• _About this exercise_: Make an exact copy of the listing so that no picture is carried over.

• _Data shown_:
======
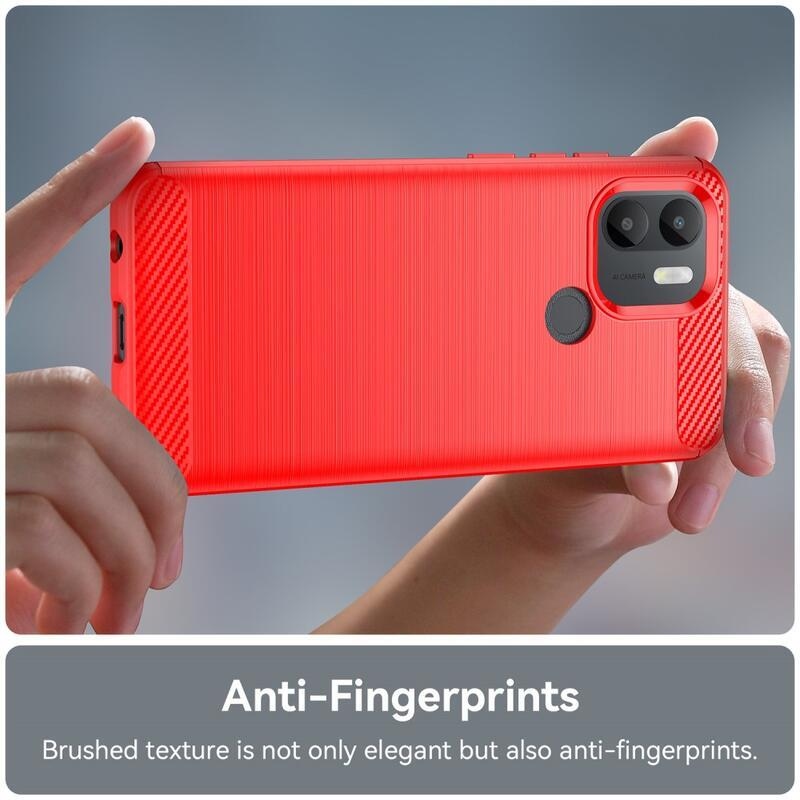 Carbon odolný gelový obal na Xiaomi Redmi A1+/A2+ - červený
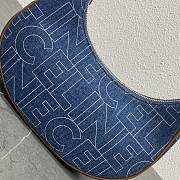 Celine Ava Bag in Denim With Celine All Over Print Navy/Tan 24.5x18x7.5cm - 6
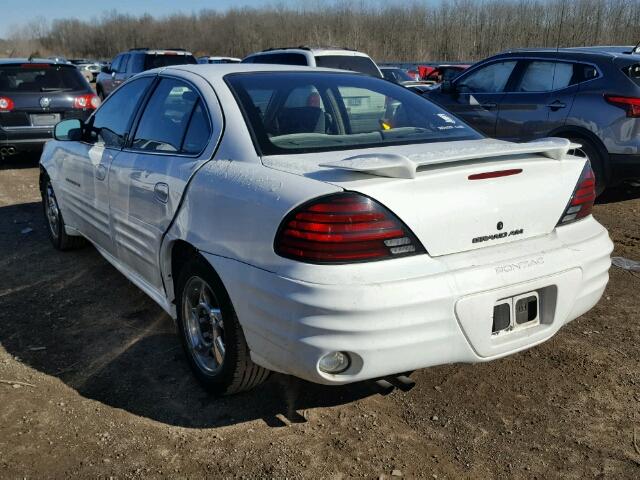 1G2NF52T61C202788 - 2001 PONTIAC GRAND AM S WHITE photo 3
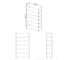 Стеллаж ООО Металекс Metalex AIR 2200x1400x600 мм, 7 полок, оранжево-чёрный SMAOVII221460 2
======
• _Task response_:
 Carbon odolný gelový obal na Xiaomi Redmi A1+/A2+ - červený
 Celine Ava Bag in Denim With Celine All Over Print Navy/Tan 24.5x18x7.5cm - 6
 1G2NF52T61C202788 - 2001 PONTIAC GRAND AM S WHITE photo 3
 Стеллаж ООО Металекс Metalex AIR 2200x1400x600 мм, 7 полок, оранжево-чёрный SMAOVII221460 2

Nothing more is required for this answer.